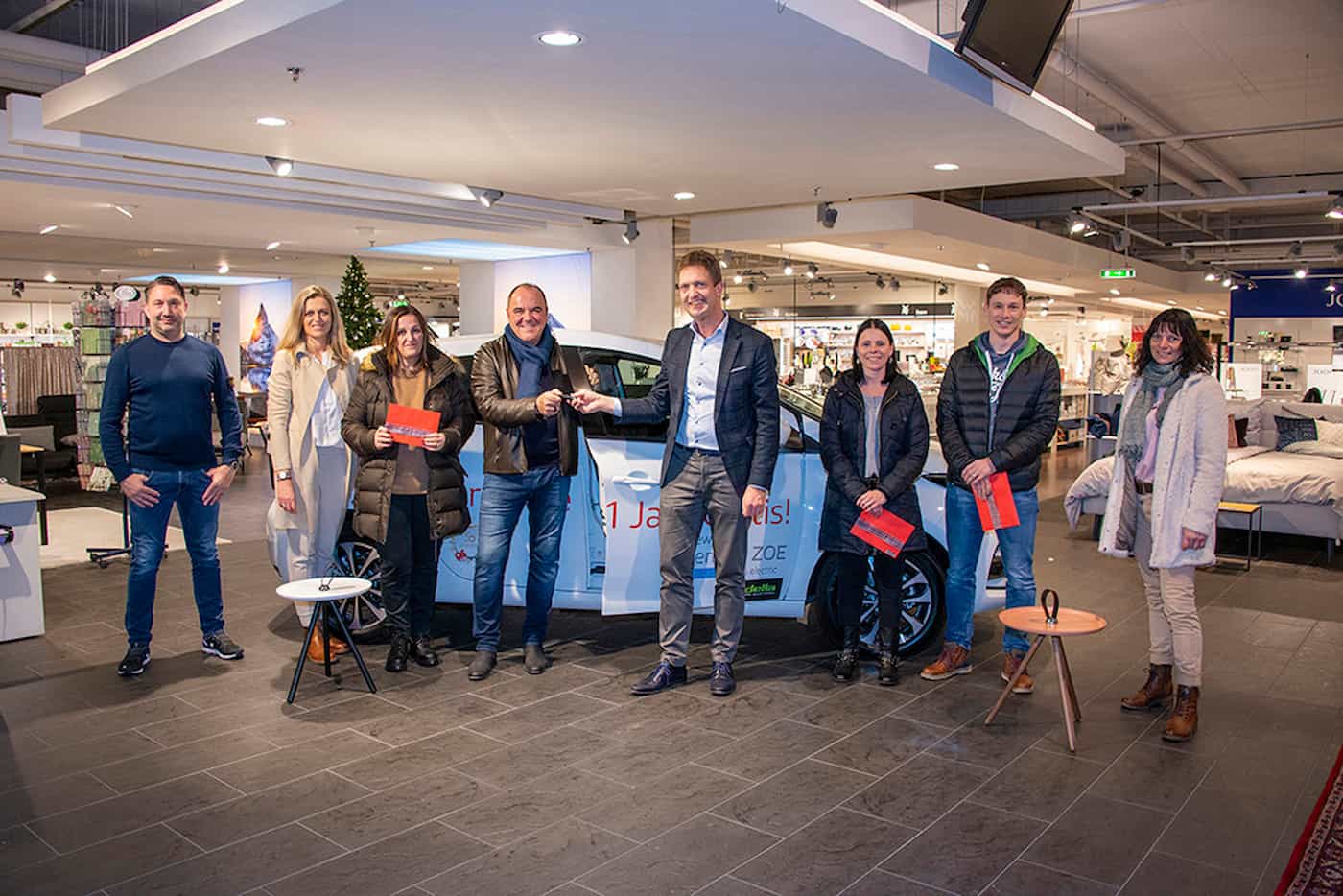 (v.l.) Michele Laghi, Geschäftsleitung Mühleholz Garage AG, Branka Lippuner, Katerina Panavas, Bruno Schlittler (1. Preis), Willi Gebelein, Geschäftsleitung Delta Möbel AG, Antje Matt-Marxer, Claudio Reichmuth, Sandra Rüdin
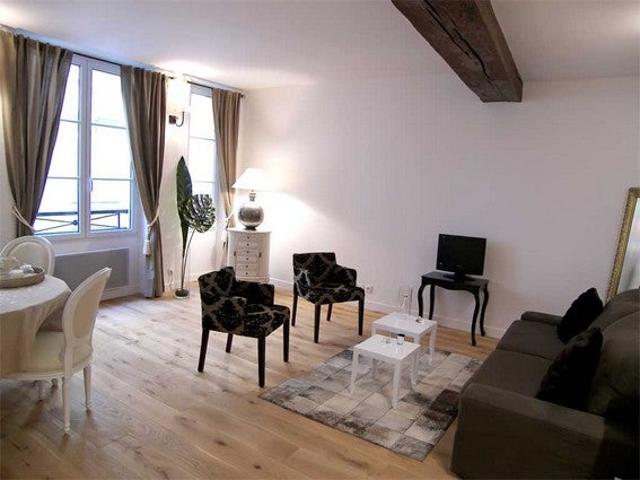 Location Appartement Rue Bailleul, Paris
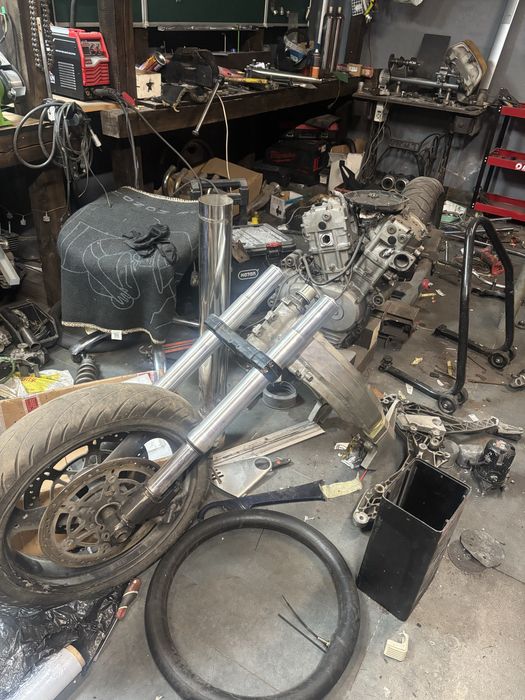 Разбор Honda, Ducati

****************************************

- Exercise
Retype all of the material above precisely as it reads. Pictures are not part of the copy.

- Task answer
 (v.l.) Michele Laghi, Geschäftsleitung Mühleholz Garage AG, Branka Lippuner, Katerina Panavas, Bruno Schlittler (1. Preis), Willi Gebelein, Geschäftsleitung Delta Möbel AG, Antje Matt-Marxer, Claudio Reichmuth, Sandra Rüdin
 Location Appartement Rue Bailleul, Paris
 Разбор Honda, Ducati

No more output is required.